* Task details: Leave out any pictures and transcribe all other data below exactly.

* The records:

----

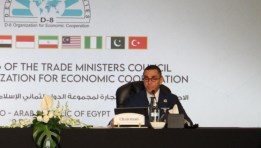 وزير الاستثمار والتجارة الخارجية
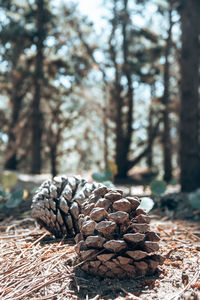 Close-up of pine cone on tree in forest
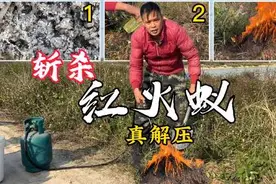 小伙斩杀红火蚁有一套，三种方案样样高效灭杀，简直太解压了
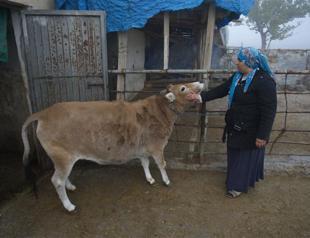 Entrepreneur women supported with insurance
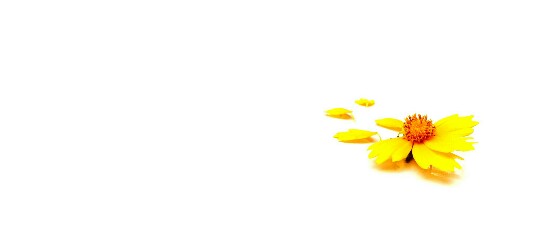 Picsart banner for @keerthi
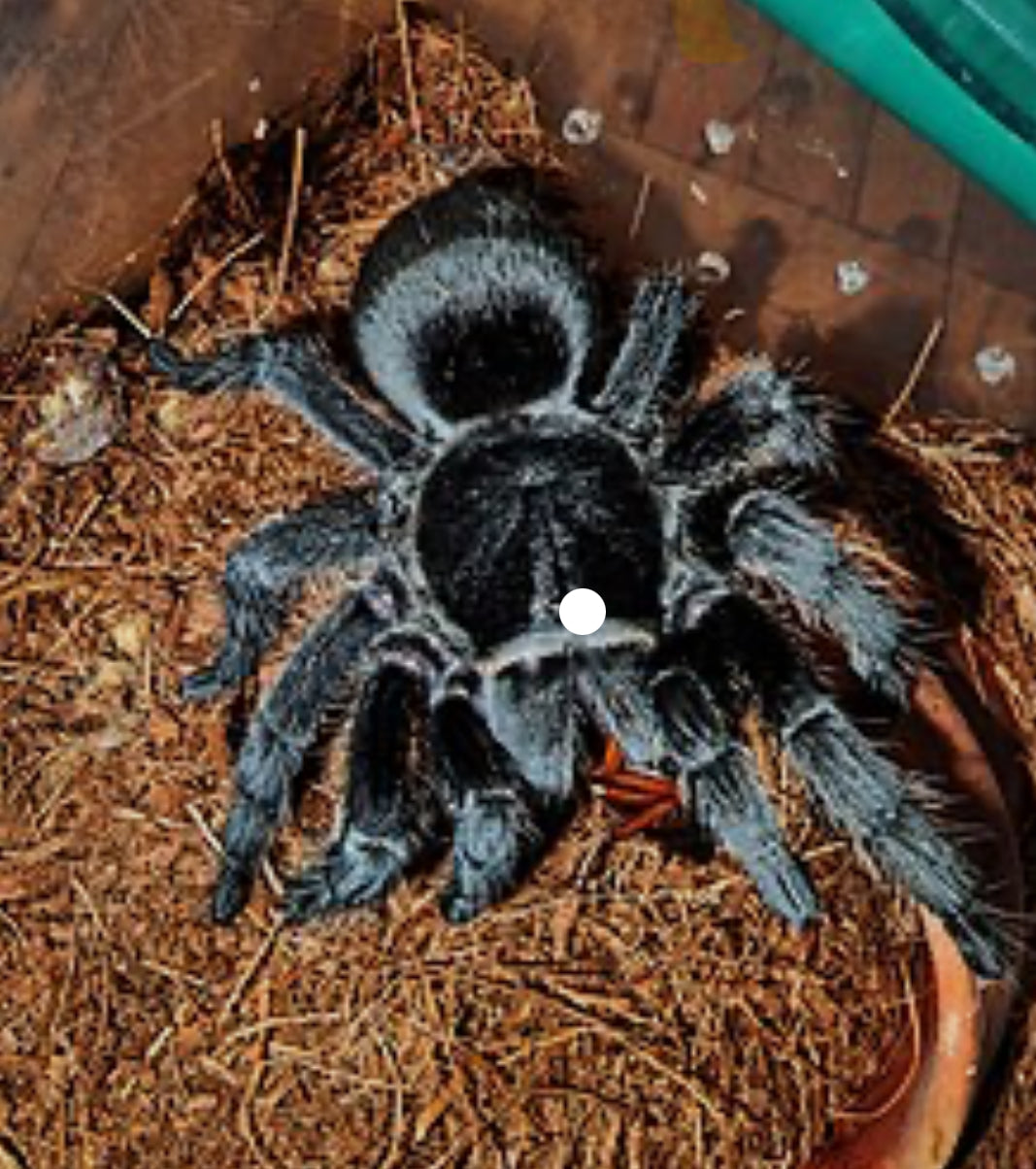 Grammostola Pulchra ( Brazilian Black).5-.75”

----

* Solved problem:
 وزير الاستثمار والتجارة الخارجية
 Close-up of pine cone on tree in forest
 小伙斩杀红火蚁有一套，三种方案样样高效灭杀，简直太解压了
 Entrepreneur women supported with insurance
 Picsart banner for @keerthi
 Grammostola Pulchra ( Brazilian Black).5-.75”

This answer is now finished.